### [Input data]
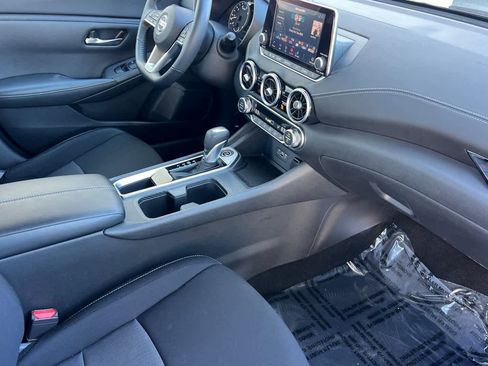 Used 2021 Nissan Sentra SV image 17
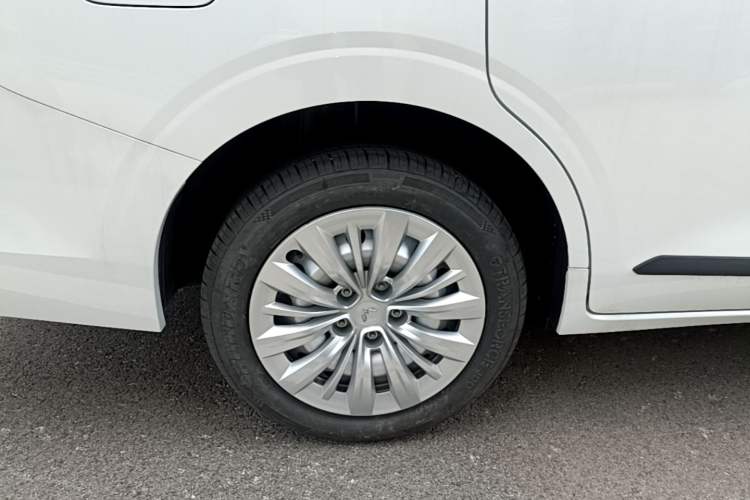 Used Wuling Jiachen 2022 1.5L Manual Enjoyment Elite Model Right Rear Wheel Hub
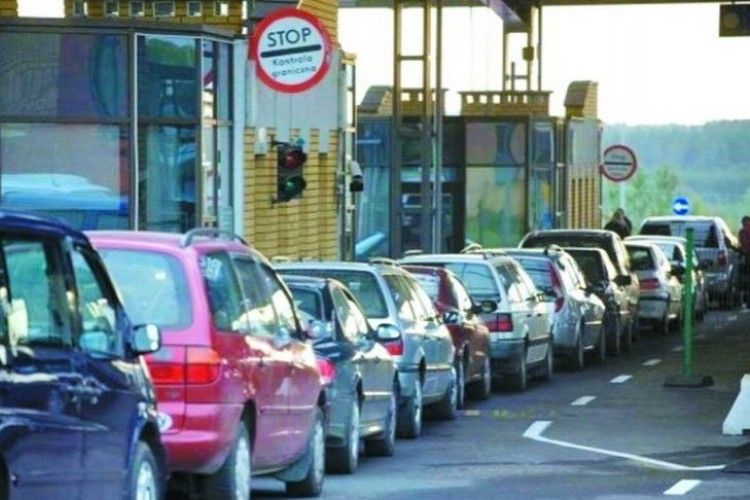 На Волині накрили групу, яка розмитнювала авто в обхід закону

### [Assigned task]
When copying, output the data exactly and leave out the pictures.

### [Written reply]
 Used 2021 Nissan Sentra SV image 17
 Used Wuling Jiachen 2022 1.5L Manual Enjoyment Elite Model Right Rear Wheel Hub
 На Волині накрили групу, яка розмитнювала авто в обхід закону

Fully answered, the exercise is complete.